How Anster cheese become one of the Fife’s headline food acts

One of Scotland's artisan cheeses
‘Right from the start, cheese seemed an obvious option. There was nobody else in Fife making cheese from their own milk on the farm; there seemed to be public demand for, and interest in, locally produced food; and last, but not least, we love cheese.’
As Jane Stewart of Falside Farm on the gentle grassy acres rising up above Anstruther indicates, traditional artisan cheese is a very contemporary option. With family-sized dairy farming becoming a tenuous occupation, Stewart took her first steps in making cheese on a course at Reading University and was mentored by a retiring Welsh cheesemaker, Leon Downey. A brand new cheese dairy, complete with viewing gallery, and attached coffee shop, was constructed beside Falside farmhouse in 2007 and the first cheeses were sold in 2008.

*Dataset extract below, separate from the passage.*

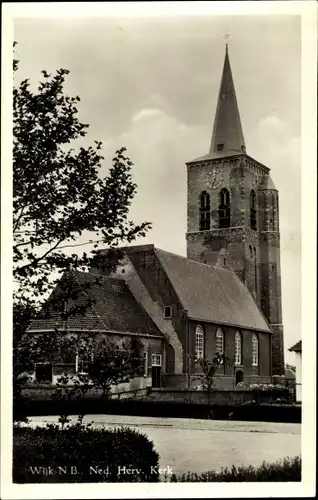 Ak Wijk en Aalburg Nordbrabant, Ned. Herv. Kerk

With no particular local traditions to draw upon, Stewart developed her cheese with similarities to the farmhouse cheeses of south-west England that had inspired her as she learned the cheesemakers’ art. The company also decided just to concentrate initially on a single style, a pressed hard cheese with a creamy white colour, a slightly crumbly texture, a citrusy freshness and a full-flavoured finish. The milk used is unpasteurised, from husband Robert’s herd of Holstein Friesian cows, and the cheese-making process is essentially traditional, with cast-iron presses wound down in stages. The cheese can be eaten as young as eight weeks, probably finds its optimum maturity at four to six months, but also has adherents of the flavour when it’s aged for ten or more months. The name, Anster (pronounced ‘Ain-ster’) is the locals’ colloquial shortening of Anstruther.
Local baker GH Barnett now makes a cheese oatcake with Anster, it’s used in cheese scones served at the farm and it has found favour quite extensively across Scotland, notably in branches of IJ Mellis Cheesemongers. More cheeses will follow: there’s now a red version of the standard Anster, flavoured with garlic and herbs, and other styles are being planned.